▸ Aim of the task: Give the listing again in full and exactly, apart from its pictures.

▸ Data excerpt:
= = = =

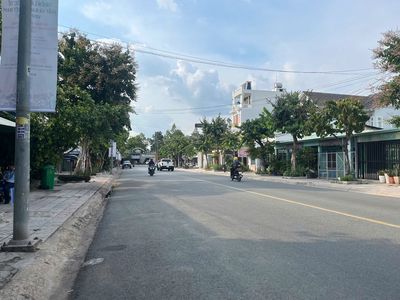 Nhà Bán mặt tiền cho thuê gần sổ xố Bình Dương, 1 trệt 2 lầu ngang 10m. Mua bán văn phòng, mặt bằng kinh doanh tại Thành phố Thủ Dầu Một Bình Dương được đăng bởi QUỐC THÁI BDS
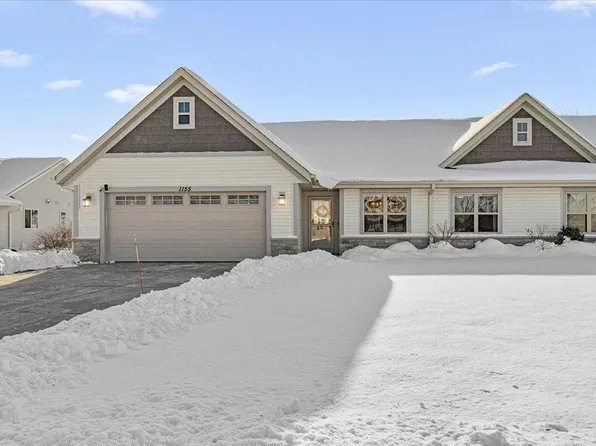 1155 Ellys WAY, Slinger, WI 53086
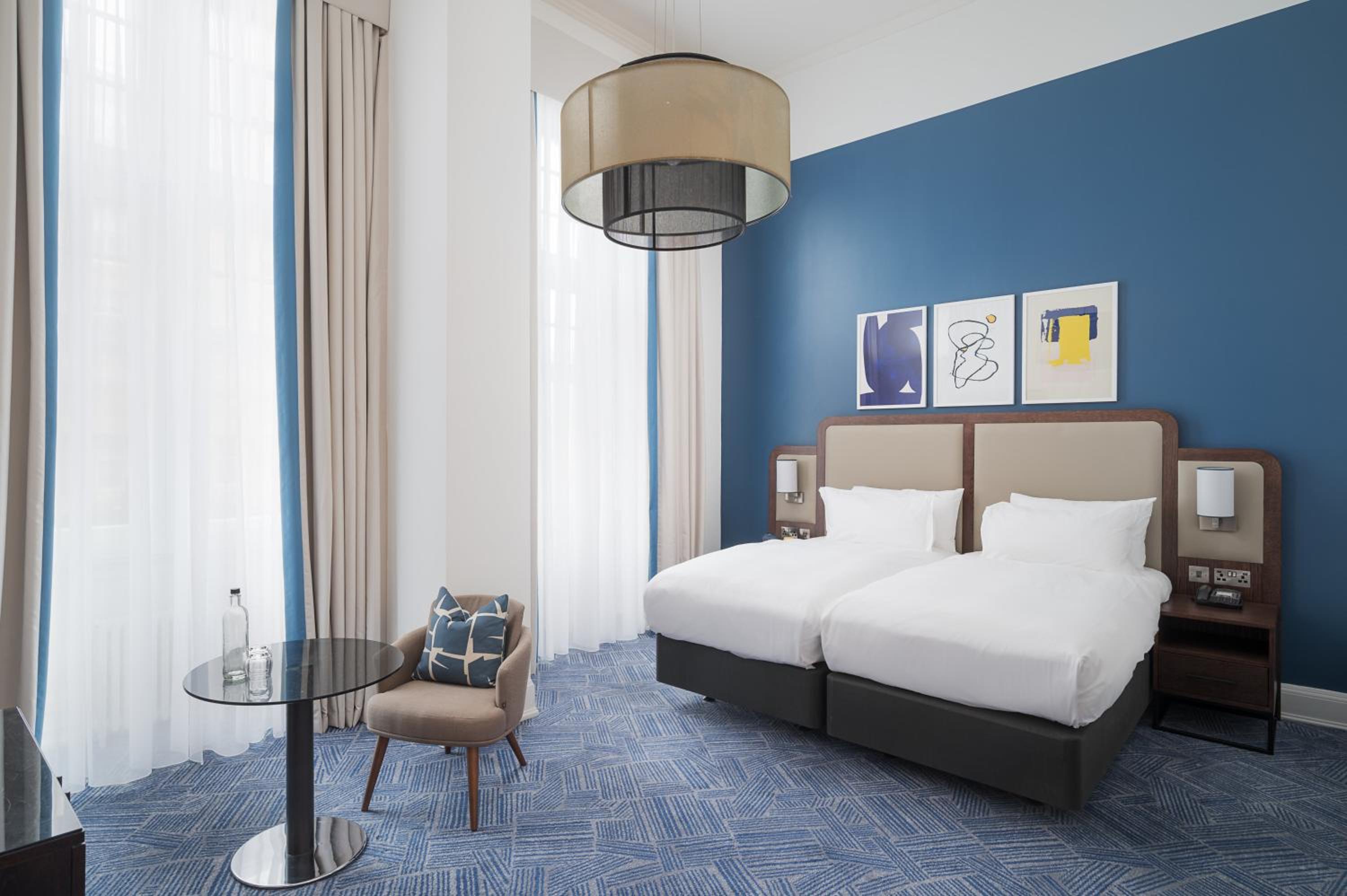 Premium Twin Room - Photo 4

= = = =

▸ Written response:
 Nhà Bán mặt tiền cho thuê gần sổ xố Bình Dương, 1 trệt 2 lầu ngang 10m. Mua bán văn phòng, mặt bằng kinh doanh tại Thành phố Thủ Dầu Một Bình Dương được đăng bởi QUỐC THÁI BDS
 1155 Ellys WAY, Slinger, WI 53086
 Premium Twin Room - Photo 4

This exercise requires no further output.